I met Shaikh Yousuf Ali for the first time in the late 1970s, through a common friend by the name of Tek Mirchandani, who was working for Larsen & Toubro and also assisting them with their art collection. Tek strongly recommended the artist saying that "Yousuf's works have a lot of strength - in both, form and colour" and that I should consider them for my collection. Despite the preconditioning with which I met Yousuf, I was amazed to see his paintings. Not only that, we became good friends, having common interests, like Urdu poetry, classical Indian music and ghazals. Rarely has any artist, or any individual for that matter, created such an impact on me, in the first couple of encounters.

Being in the textile industry, we had a lot of designers coming from far off lands to design our textiles - in which the colour content and design was of great importance. I would explain to him how it took us a couple of days to mix a palette of 6 or 7 colours, since we had to test the blend of each new colour with all the colours already selected. Yet at the same time, I would be amazed with the dexterity at which he would mix so many colours in his works on paper.

When my son was to be married in 1994, my wife requested him to make a little motif for the wedding card. In a couple of days, he brought back a wonderful painting, where a man is playing the shehnai and Lord Ganesha is dancing to the music. All of us liked the painting so much that we immediately decided to use it for the wedding card and it was very much appreciated - both in India and abroad.

In the mid-1980s, I decided to learn classical music and Yousuf was very happy about it. We used to have a few musical sessions at home - classical or ghazals - which we both enjoyed very much. His favourite ghazal singer was Mehdi Hasan, especially the ghazal of "Mir Taqi Mir, dekh to dil ke jaan se uthta hai, yeh dhuan sa kahaan se uthta hai". He always desired to make a painting on this poetry, but unfortunately it never happened.
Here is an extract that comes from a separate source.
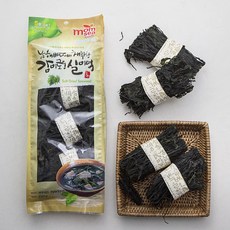 맘씨푸드 감미로운 실미역, 150g, 1개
His love for art manifested in many ways - he also had a passion for seeing every show at Jehangir Art Gallery. But somehow he could not come about to planning his own show there - that was largely because he had an open invitation from the Taj Gallery, where he displayed nearly a dozen times and his works would often get sold during (or even before) these shows, thereby not leaving enough inventory to plan a show at Jehangir.

In the late 1980s, he was approached by a couple of art gallery owners and dealers, who expressed a great deal of keenness in promoting him. He kept postponing any association with them, since he rarely had enough work left with him. Besides, he got sick sometime in the mid 1990s and that slowed him down, just when the art market started looking up significantly.

His death has not only been a loss to the art world, but the loss of a very personal and dear friend. May his soul rest in peace.